Solar companies have been quick to point out that in terms of carbon, solar arrays provide better results than forests. “An acre of solar offsets about eight times more carbon per year than forest,” said Rayo Bhumgara of New York-based Syncarpha Community Solar, which operates ground-mounted solar arrays in Belchertown.
A calculator developed by Harvard Forest shows that after about eight years, solar panels “pay back” the carbon stored in the forest, then providing some 20 years of net emissions reduction.
However, forests provide far more than carbon sequestration, conservationists point out. Especially in their healthiest, unfragmented state, they provide ecosystem services from biodiversity to drinking water filtration to soil stability to clean air, as well as natural beauty.
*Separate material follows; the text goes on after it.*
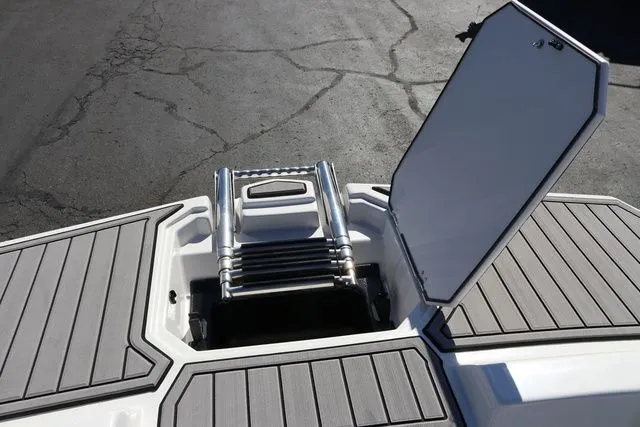 Slide: The Image of Starcraft SVX 171 OB 2026 - 17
“Some people are looking at a ledger of carbon. We’re encouraging people to look at a broader view,” Long says. “Forests aren’t just carbon. Forests have many, many more values than just carbon.”
This summer, in part to aid in protecting sensitive lands, a state analysis mapped out Massachusetts’ best sites for solar. The Technical Potential of Solar report, produced by Synapse Energy Economics, Inc. for the state’s Department of Energy Resources, relies in part on the state’s Biomap tool.
Biomap identifies sites of higher and lower ecological value. The tool classifies most of Shutesbury’s forest as either Core Habitat or Critical Natural Landscape, the two classifications of greatest ecological importance.
Despite the forest’s high value, however, the Technical Potential of Solar interactive map labels most of Shutesbury “mixed” in suitability for solar development. It gives the region a “C” grade for suitability in the categories of biodiversity and carbon sequestration. However, it’s marked grade “A” in categories like proximity to electric infrastructure, slope, agricultural potential, and “ecosystem services,” a category including drinking water protection.
The map’s conflation of values — some directly opposed to one another, like forest biodiversity versus agricultural potential — can confuse the issue.
“The state needs to dig more into the findings,” said the Conservation Law Foundation’s Sloan. “They apply a framework that we’ve been asking them to apply for many years, which is to assess parcels of land by their suitability, and then to be able to say statewide: Which parcels are the most suitable for solar development? Which parcels should be preserved for their ecosystem value or their high quality agricultural soil value?”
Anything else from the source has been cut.